Verizon Incident Classification and Reporting

Verizon Incident Classification and Reporting.

In an effort to broaden the range of incidents used by Verizon Business’s annual Data Breach Investigations Report beyond those it investigates itself and those provided in 2010 by the Secret Service, Verizon Business’s ICSA Labs has created an application that allows anyone to add incidents using the VERIS Framework.

In return for adding anonymized incident information,

…you will receive a comparative report that frames your incident within the broader VERIS dataset. You will, for instance, know whether your incident was a rare event or one commonly experienced by others and such information can help you decide what, if anything, should be done to prevent similar events in the future.
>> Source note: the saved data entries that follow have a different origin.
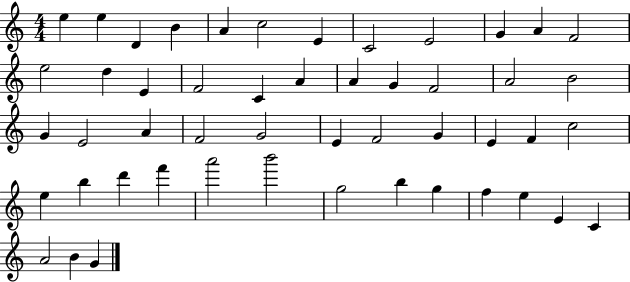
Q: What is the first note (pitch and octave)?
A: E5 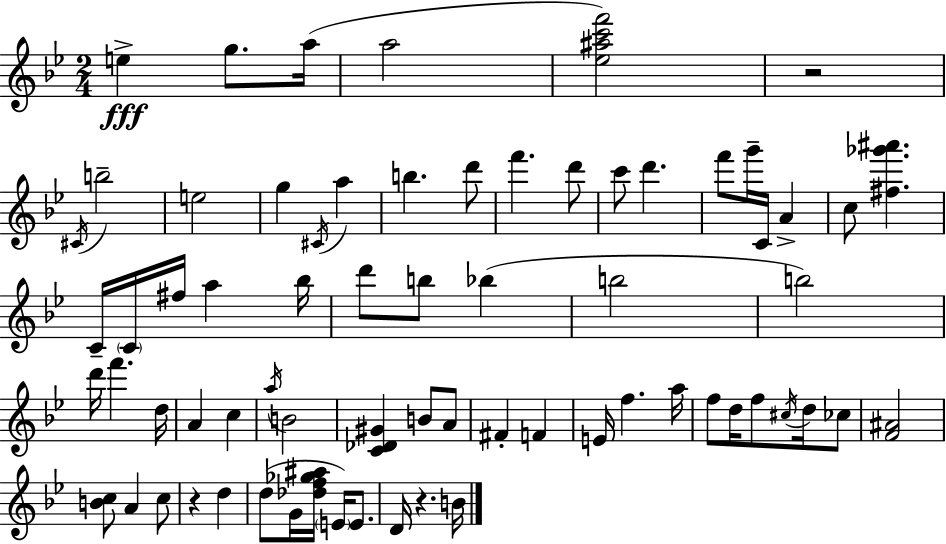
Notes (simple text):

E5/q G5/e. A5/s A5/h [Eb5,A#5,C6,F6]/h R/h C#4/s B5/h E5/h G5/q C#4/s A5/q B5/q. D6/e F6/q. D6/e C6/e D6/q. F6/e G6/s C4/s A4/q C5/e [F#5,Gb6,A#6]/q. C4/s C4/s F#5/s A5/q Bb5/s D6/e B5/e Bb5/q B5/h B5/h D6/s F6/q. D5/s A4/q C5/q A5/s B4/h [C4,Db4,G#4]/q B4/e A4/e F#4/q F4/q E4/s F5/q. A5/s F5/e D5/s F5/e C#5/s D5/s CES5/e [F4,A#4]/h [B4,C5]/e A4/q C5/e R/q D5/q D5/e G4/s [Db5,F5,Gb5,A#5]/s E4/s E4/e. D4/s R/q. B4/s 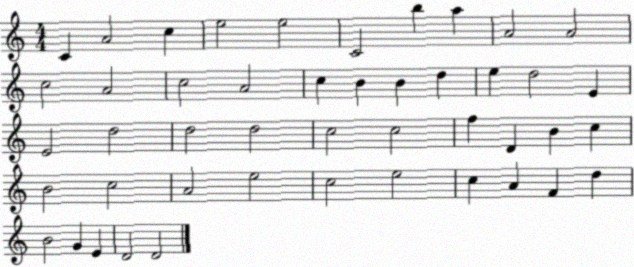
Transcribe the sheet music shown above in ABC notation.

X:1
T:Untitled
M:4/4
L:1/4
K:C
C A2 c e2 e2 C2 b a A2 A2 c2 A2 c2 A2 c B B d e d2 E E2 d2 d2 d2 c2 c2 f D B c B2 c2 A2 e2 c2 e2 c A F d B2 G E D2 D2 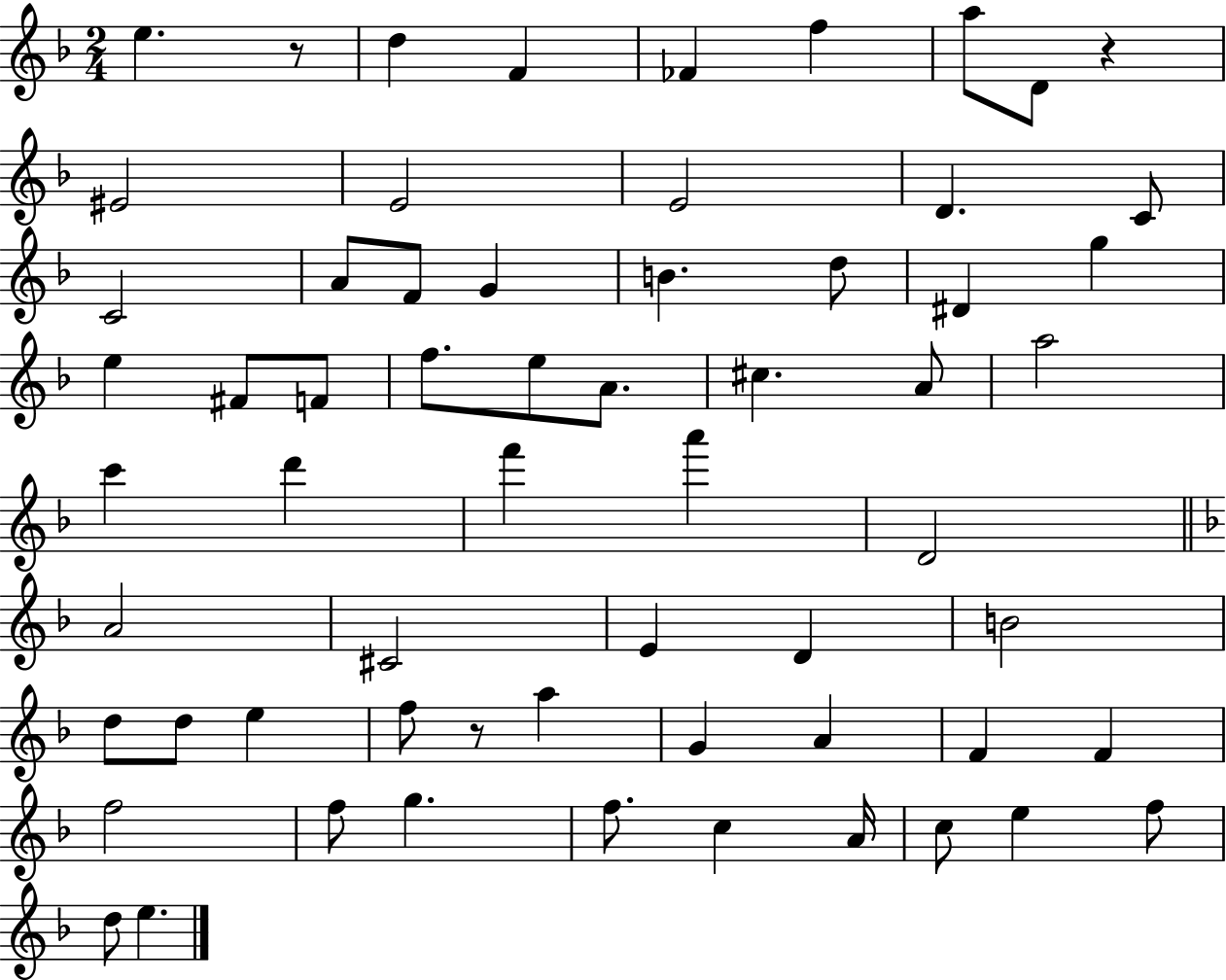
{
  \clef treble
  \numericTimeSignature
  \time 2/4
  \key f \major
  e''4. r8 | d''4 f'4 | fes'4 f''4 | a''8 d'8 r4 | \break eis'2 | e'2 | e'2 | d'4. c'8 | \break c'2 | a'8 f'8 g'4 | b'4. d''8 | dis'4 g''4 | \break e''4 fis'8 f'8 | f''8. e''8 a'8. | cis''4. a'8 | a''2 | \break c'''4 d'''4 | f'''4 a'''4 | d'2 | \bar "||" \break \key d \minor a'2 | cis'2 | e'4 d'4 | b'2 | \break d''8 d''8 e''4 | f''8 r8 a''4 | g'4 a'4 | f'4 f'4 | \break f''2 | f''8 g''4. | f''8. c''4 a'16 | c''8 e''4 f''8 | \break d''8 e''4. | \bar "|."
} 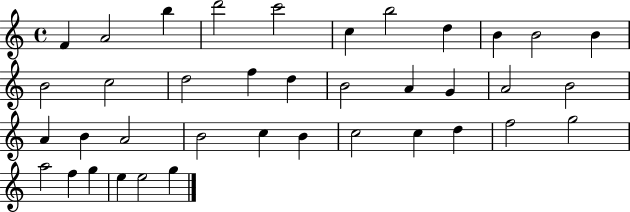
X:1
T:Untitled
M:4/4
L:1/4
K:C
F A2 b d'2 c'2 c b2 d B B2 B B2 c2 d2 f d B2 A G A2 B2 A B A2 B2 c B c2 c d f2 g2 a2 f g e e2 g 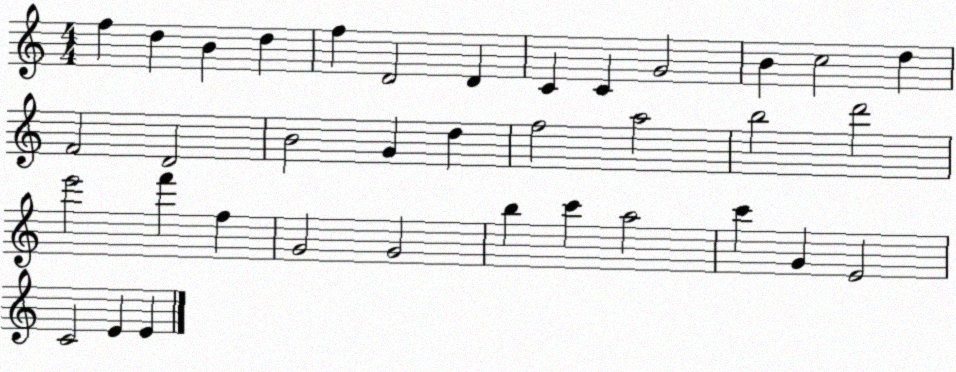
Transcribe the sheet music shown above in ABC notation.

X:1
T:Untitled
M:4/4
L:1/4
K:C
f d B d f D2 D C C G2 B c2 d F2 D2 B2 G d f2 a2 b2 d'2 e'2 f' f G2 G2 b c' a2 c' G E2 C2 E E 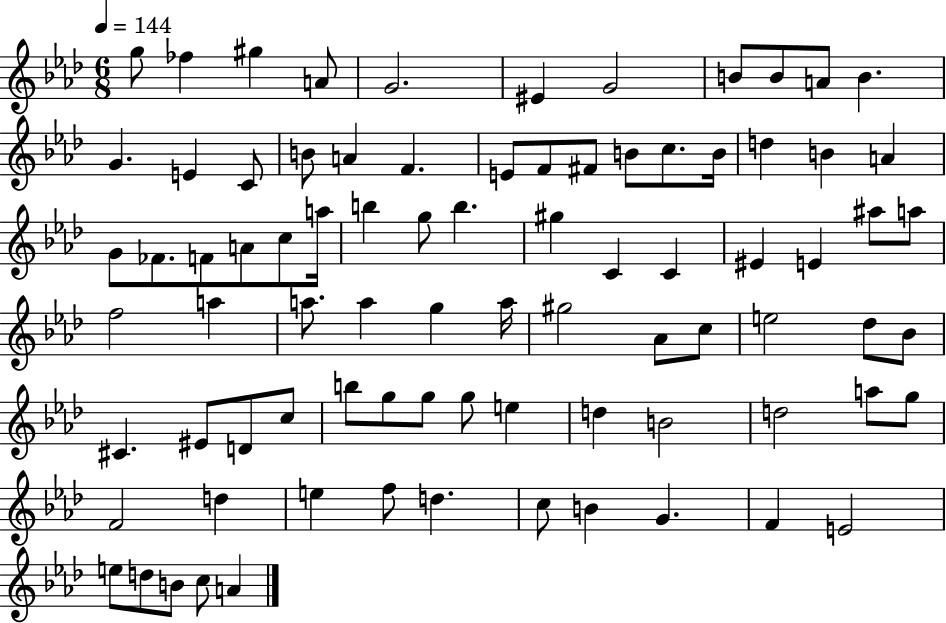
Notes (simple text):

G5/e FES5/q G#5/q A4/e G4/h. EIS4/q G4/h B4/e B4/e A4/e B4/q. G4/q. E4/q C4/e B4/e A4/q F4/q. E4/e F4/e F#4/e B4/e C5/e. B4/s D5/q B4/q A4/q G4/e FES4/e. F4/e A4/e C5/e A5/s B5/q G5/e B5/q. G#5/q C4/q C4/q EIS4/q E4/q A#5/e A5/e F5/h A5/q A5/e. A5/q G5/q A5/s G#5/h Ab4/e C5/e E5/h Db5/e Bb4/e C#4/q. EIS4/e D4/e C5/e B5/e G5/e G5/e G5/e E5/q D5/q B4/h D5/h A5/e G5/e F4/h D5/q E5/q F5/e D5/q. C5/e B4/q G4/q. F4/q E4/h E5/e D5/e B4/e C5/e A4/q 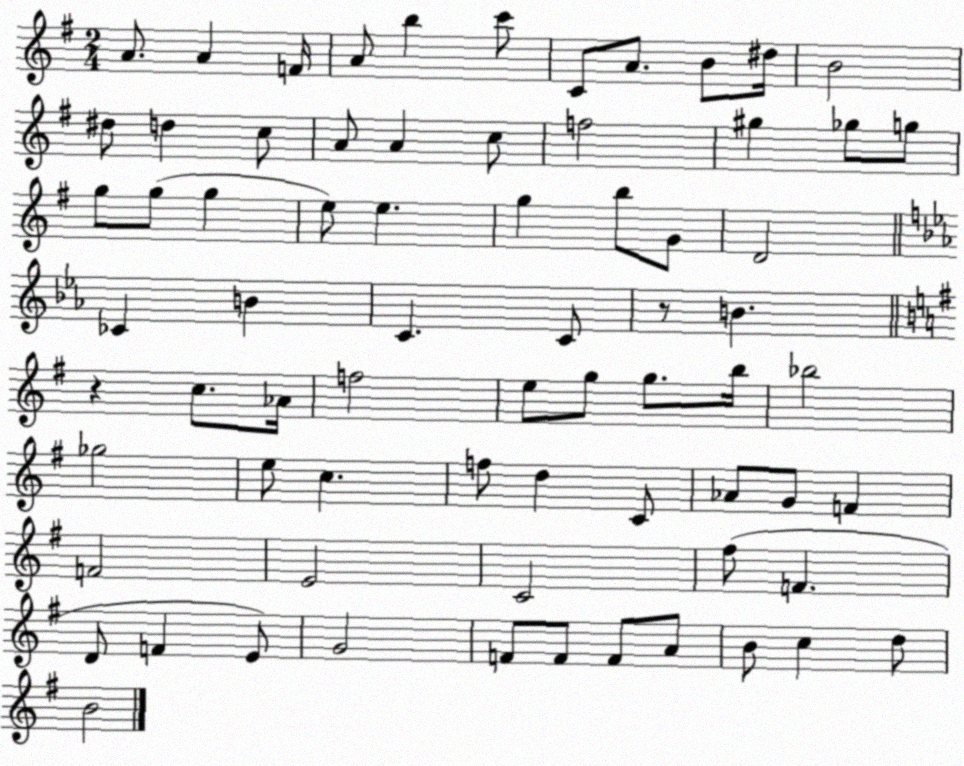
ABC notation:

X:1
T:Untitled
M:2/4
L:1/4
K:G
A/2 A F/4 A/2 b c'/2 C/2 A/2 B/2 ^d/4 B2 ^d/2 d c/2 A/2 A c/2 f2 ^g _g/2 g/2 g/2 g/2 g e/2 e g b/2 G/2 D2 _C B C C/2 z/2 B z c/2 _A/4 f2 e/2 g/2 g/2 b/4 _b2 _g2 e/2 c f/2 d C/2 _A/2 G/2 F F2 E2 C2 ^f/2 F D/2 F E/2 G2 F/2 F/2 F/2 A/2 B/2 c d/2 B2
Is this enough value? Why not allow direct access to the VERIS database through an API? This would allow you to do your own analysis rather than just relying on Verizon’s. Is it possible that third parties, bringing different perspectives and tools, would glean insights that Verizon is missing?

The VERIS Framework is very straightforward. There are three key components to any incident – Agents (actors), Actions, Assets. Perhaps I like it because it’s very similar to methodology I developed with a colleague for log analysis using the terms Subject, Action, Object, which not coincidentally corresponds to the three key parts of a sentence – Subject, Verb, Object.

There is a fourth “A” which stands for Attributes of the above mentioned three A’s. The selection of classification Attributes is critical to effective analysis. For anonymized incident information, Verizon has done a good job in its classification attribute selection.